The House on Tuesday passed voting rights legislation named for the late Rep. John Lewis (D-Ga.), a party-line vote that underscores the bill’s nearly impassable upward climb in the Senate.
Safeguarding voting rights is a top issue for Democrats, whose signature election reform measure has all but stalled out after Senate Republicans filibustered the sweeping bill in June. But most Republicans also oppose the more targeted Lewis-named legislation, which would restore key provisions of the Voting Rights Act that were struck down by the Supreme Court in 2013.
Rep. Terri Sewell (D-Ala.), the bill’s lead sponsor, said lawmakers had a “moral obligation” to combat voting restrictions by passing the legislation.
“Old battles have indeed become new again,” she said. “While literacy tests and poll taxes no longer exist, certain states and local jurisdictions have passed laws that are modern-day barriers to voting. As long as voter suppression exists, the need for full protections from the [Voting Rights Act] will continue.”
The bill passed by a 219-212 vote.
It is unlikely to advance further in the Senate, where the legislative filibuster remains intact despite a progressive push for changes that would weaken the chamber’s supermajority requirement to pass most bills. Senate Minority Leader Mitch McConnell has cast doubt on the need for the proposal, arguing that the Supreme Court only eliminated the preclearance formula determining which jurisdictions needed federal approval to make substantive changes to voting laws — not the voting rights protections themselves.
Advocates, on the other hand, say the voting protections are toothless without that preclearance formula.
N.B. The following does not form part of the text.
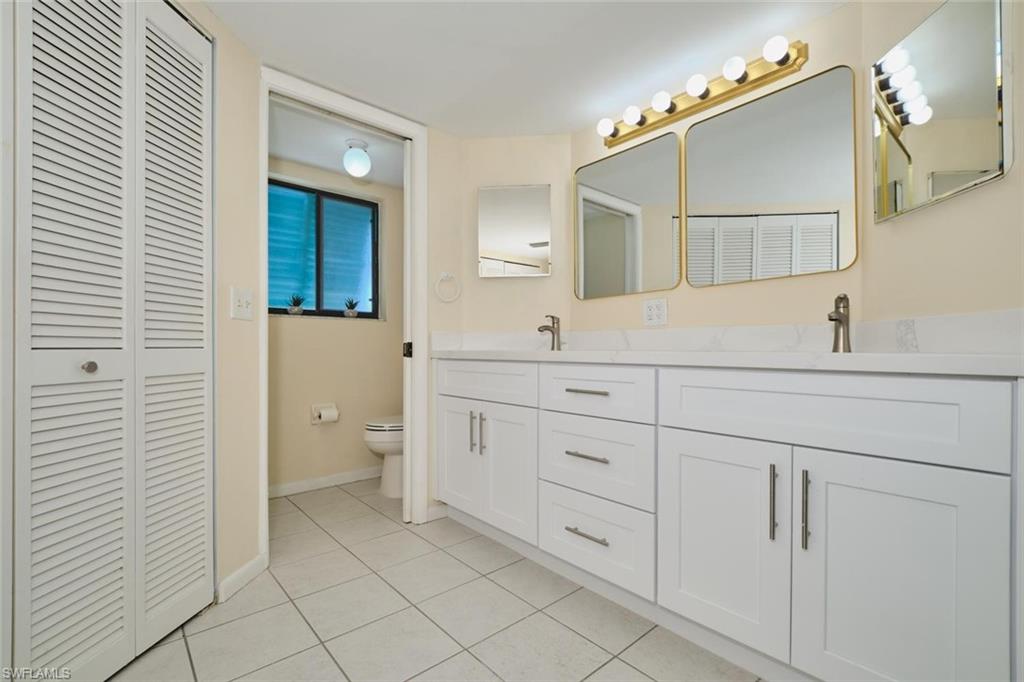 Dual vanity with white cabinetry, integrated sinks, and brushed nickel faucets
The Lewis-named bill only has one GOP sponsor in the Senate, Lisa Murkowski of Alaska. Illinois Rep. Rodney Davis, the top Republican on the House panel that oversees federal elections, denounced the legislation as a “federal takeover” of elections and a “partisan power grab.”
The Congressional Black Caucus and other top Democrats had pushed for the bill’s consideration to be moved up before the fall. Democratic lawmakers and staff worked for months to craft a new preclearance formula they believed could survive judicial scrutiny if the bill were ever signed into law and challenged in court. The bill also addresses a July Supreme Court decision that could make it harder to challenge voting laws.
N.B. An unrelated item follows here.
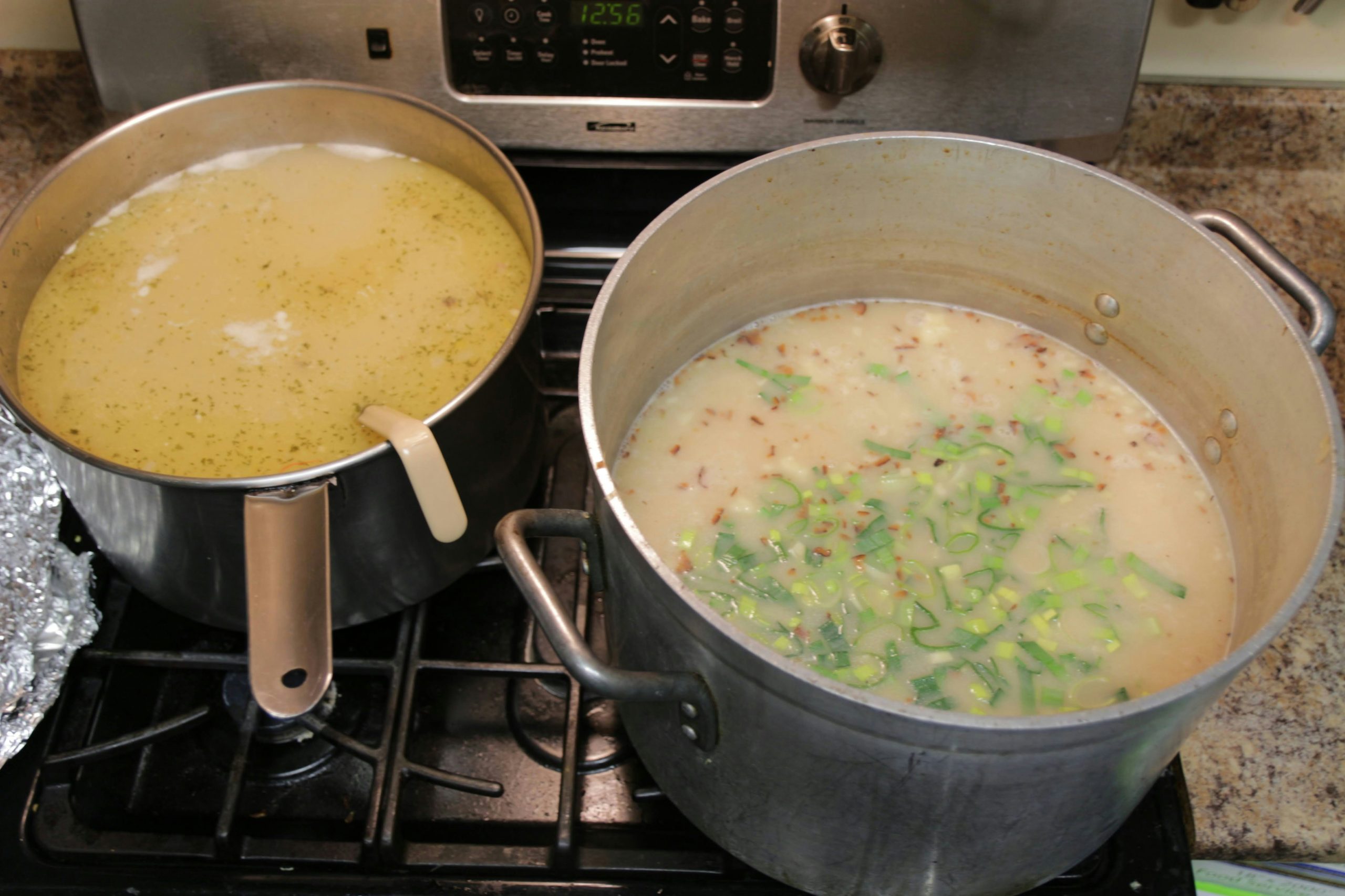 Large pots of soup on a stove | Source: Unsplash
House Majority Whip Jim Clyburn was in tears during a closed-door meeting of Democrats Tuesday morning as he spoke about the legislation and his parents’ experiences with voting discrimination, according to a member in the room.
Democrats and advocates see the Lewis-named bill as one of their last opportunities to head off laws restricting voting access that many states passed in the aftermath of the 2020 election. But they have struggled to chart a path forward after the bigger elections and ethics bill was filibustered and a handful of senators resisted abolishing the procedural roadblock.
Sarah Ferris contributed to this report.